Henry was crowned as King Henry IV on 13 October, 1399. Richard remained in the Tower until he was taken to Pontefract Castle in December. It has been suggested that Henry initially intended for Richard to live. However, when he heard from Edward of Norwich, 1st Earl of Rutland, that there was a plot organized by John Montagu, 3rd Earl of Salisbury, John Holland, 1st Earl of Huntingdon, Thomas Holland, 3rd Earl of Kent and Thomas le Despenser, 1st Earl of Gloucester, to overthrow Henry and put Richard back on the throne, he arranged for him to be murdered. This took place in February, 1400. (63)

Primary Sources

(1) Anonimalle Chronicle of St Mary's (1381)

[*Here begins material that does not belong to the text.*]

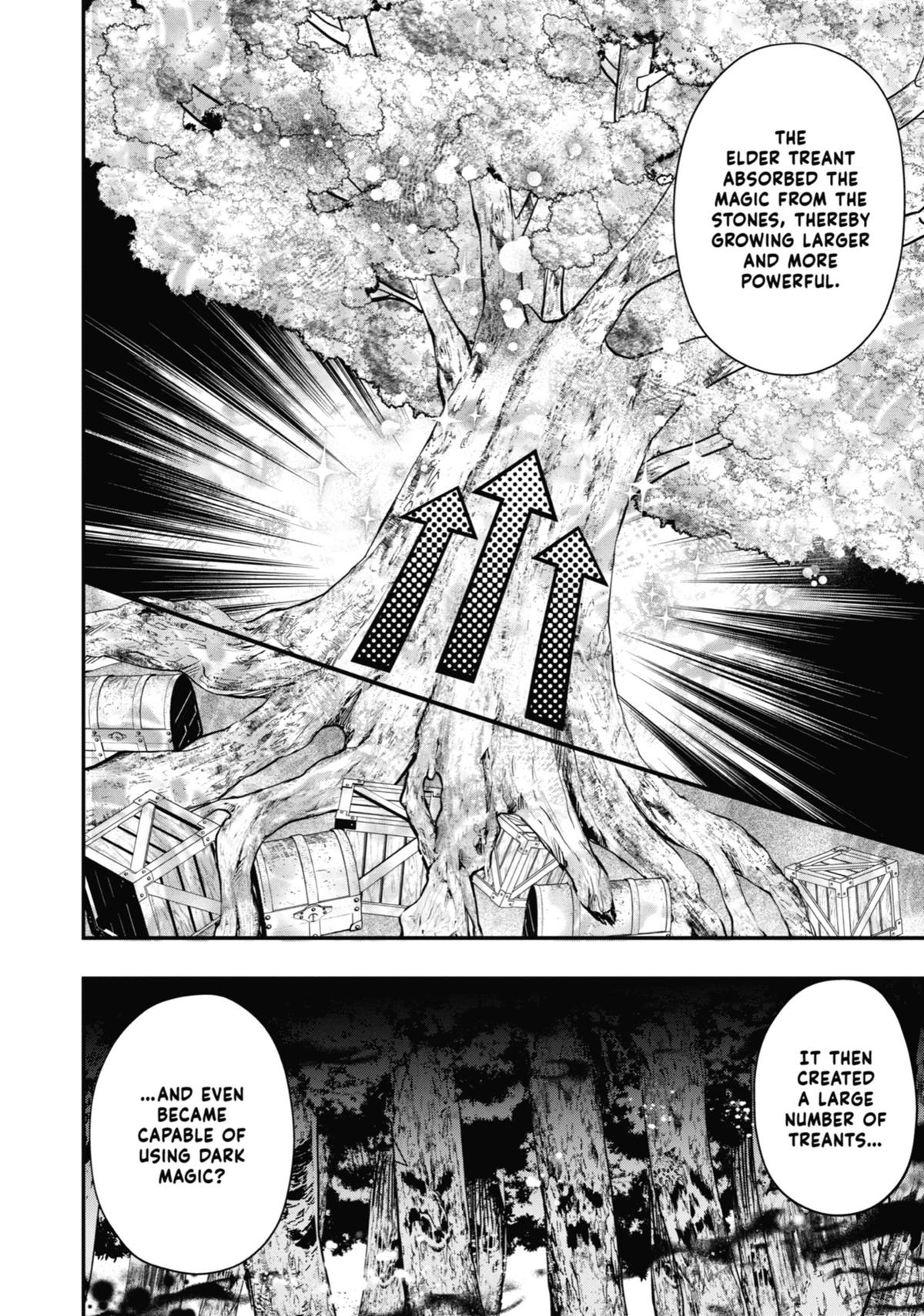 Kami-tachi ni Hirowareta Otoko Chap 63 - Next Chap 64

Richard II said to Wat Tyler: "Why will you not go back to your own county?" Wat Tyler answered that neither he nor his fellows would leave until they had got their charter as they wished to have it... And he demanded that there should be only one bishop in England... and all the lands and possessions (of the church) should be taken from them and divided among the commons... And he demanded that there should be no more villeins in England, and no serfdom... that all men should be free.

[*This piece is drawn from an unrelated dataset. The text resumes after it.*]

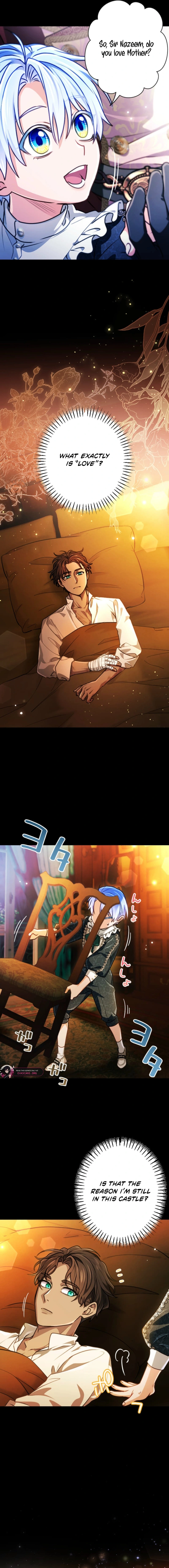 Read My Aggravating Sovereign EN Manga Online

(2) Charter issued by Richard II in 1381 to the peasants of Hertford.

Subjects and others of the county of Hertford, freed each and all of their old bondage... pardoned them all felonies, treasons, and extortions committed by any and all of them.

(3) Jean Froissart, Chronicles (c. 1395)

Then the king ordered thirty clerks to write letters, sealed with his seal. And when the people received the letters, they went back home. But Wat Tyler, Jack Straw and John Ball said they would not leave. More than 30,000 stayed with them. They were in no hurry to have the King's letters. They meant to slay all the rich people of London and rob their homes.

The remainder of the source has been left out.